## [Work required]
Repeat word for word the line with "ĐẤT ĐẸP – GIÁ" and every line after it until the records below run out.

[[ Raw data open ]]

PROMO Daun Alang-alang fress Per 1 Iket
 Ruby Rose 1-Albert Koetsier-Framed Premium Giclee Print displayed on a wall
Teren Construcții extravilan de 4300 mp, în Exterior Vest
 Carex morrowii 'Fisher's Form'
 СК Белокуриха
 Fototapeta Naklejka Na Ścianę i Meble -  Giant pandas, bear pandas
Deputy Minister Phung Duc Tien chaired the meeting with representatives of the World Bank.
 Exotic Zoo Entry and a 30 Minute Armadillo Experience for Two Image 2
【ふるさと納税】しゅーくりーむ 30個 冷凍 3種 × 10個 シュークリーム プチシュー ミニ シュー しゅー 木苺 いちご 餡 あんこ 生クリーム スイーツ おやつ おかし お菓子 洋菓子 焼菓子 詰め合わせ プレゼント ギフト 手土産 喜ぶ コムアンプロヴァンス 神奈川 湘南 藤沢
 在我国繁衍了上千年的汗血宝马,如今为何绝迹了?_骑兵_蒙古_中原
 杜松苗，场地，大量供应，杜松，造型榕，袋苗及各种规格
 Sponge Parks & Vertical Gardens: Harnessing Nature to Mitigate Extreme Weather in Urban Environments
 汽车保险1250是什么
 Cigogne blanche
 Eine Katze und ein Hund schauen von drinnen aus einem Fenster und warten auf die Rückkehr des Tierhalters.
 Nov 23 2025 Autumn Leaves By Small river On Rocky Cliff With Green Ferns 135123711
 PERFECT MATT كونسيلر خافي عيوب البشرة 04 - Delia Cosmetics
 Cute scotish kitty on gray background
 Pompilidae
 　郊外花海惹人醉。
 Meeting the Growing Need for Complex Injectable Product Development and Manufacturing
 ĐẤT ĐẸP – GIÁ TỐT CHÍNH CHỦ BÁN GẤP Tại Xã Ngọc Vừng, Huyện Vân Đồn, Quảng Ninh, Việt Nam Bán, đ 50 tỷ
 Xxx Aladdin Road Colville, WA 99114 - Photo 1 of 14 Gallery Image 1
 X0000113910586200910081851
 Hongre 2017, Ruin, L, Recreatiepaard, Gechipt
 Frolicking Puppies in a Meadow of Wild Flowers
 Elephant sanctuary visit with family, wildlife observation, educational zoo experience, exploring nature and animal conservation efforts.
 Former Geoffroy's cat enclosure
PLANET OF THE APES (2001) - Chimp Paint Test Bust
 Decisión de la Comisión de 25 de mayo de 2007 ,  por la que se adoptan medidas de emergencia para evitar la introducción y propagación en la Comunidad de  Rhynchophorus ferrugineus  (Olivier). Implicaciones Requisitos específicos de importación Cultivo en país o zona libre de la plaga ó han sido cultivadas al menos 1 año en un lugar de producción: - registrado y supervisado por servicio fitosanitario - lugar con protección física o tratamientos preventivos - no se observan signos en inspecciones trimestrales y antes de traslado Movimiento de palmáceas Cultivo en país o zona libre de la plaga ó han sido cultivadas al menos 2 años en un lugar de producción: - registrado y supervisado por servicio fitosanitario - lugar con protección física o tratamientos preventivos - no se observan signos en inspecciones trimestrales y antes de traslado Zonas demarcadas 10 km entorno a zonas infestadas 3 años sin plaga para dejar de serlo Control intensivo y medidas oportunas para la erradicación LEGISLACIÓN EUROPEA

[[ Raw data closed ]]

## [Finished task]
 ĐẤT ĐẸP – GIÁ TỐT CHÍNH CHỦ BÁN GẤP Tại Xã Ngọc Vừng, Huyện Vân Đồn, Quảng Ninh, Việt Nam Bán, đ 50 tỷ
 Xxx Aladdin Road Colville, WA 99114 - Photo 1 of 14 Gallery Image 1
 X0000113910586200910081851
 Hongre 2017, Ruin, L, Recreatiepaard, Gechipt
 Frolicking Puppies in a Meadow of Wild Flowers
 Elephant sanctuary visit with family, wildlife observation, educational zoo experience, exploring nature and animal conservation efforts.
 Former Geoffroy's cat enclosure
PLANET OF THE APES (2001) - Chimp Paint Test Bust
 Decisión de la Comisión de 25 de mayo de 2007 ,  por la que se adoptan medidas de emergencia para evitar la introducción y propagación en la Comunidad de  Rhynchophorus ferrugineus  (Olivier). Implicaciones Requisitos específicos de importación Cultivo en país o zona libre de la plaga ó han sido cultivadas al menos 1 año en un lugar de producción: - registrado y supervisado por servicio fitosanitario - lugar con protección física o tratamientos preventivos - no se observan signos en inspecciones trimestrales y antes de traslado Movimiento de palmáceas Cultivo en país o zona libre de la plaga ó han sido cultivadas al menos 2 años en un lugar de producción: - registrado y supervisado por servicio fitosanitario - lugar con protección física o tratamientos preventivos - no se observan signos en inspecciones trimestrales y antes de traslado Zonas demarcadas 10 km entorno a zonas infestadas 3 años sin plaga para dejar de serlo Control intensivo y medidas oportunas para la erradicación LEGISLACIÓN EUROPEA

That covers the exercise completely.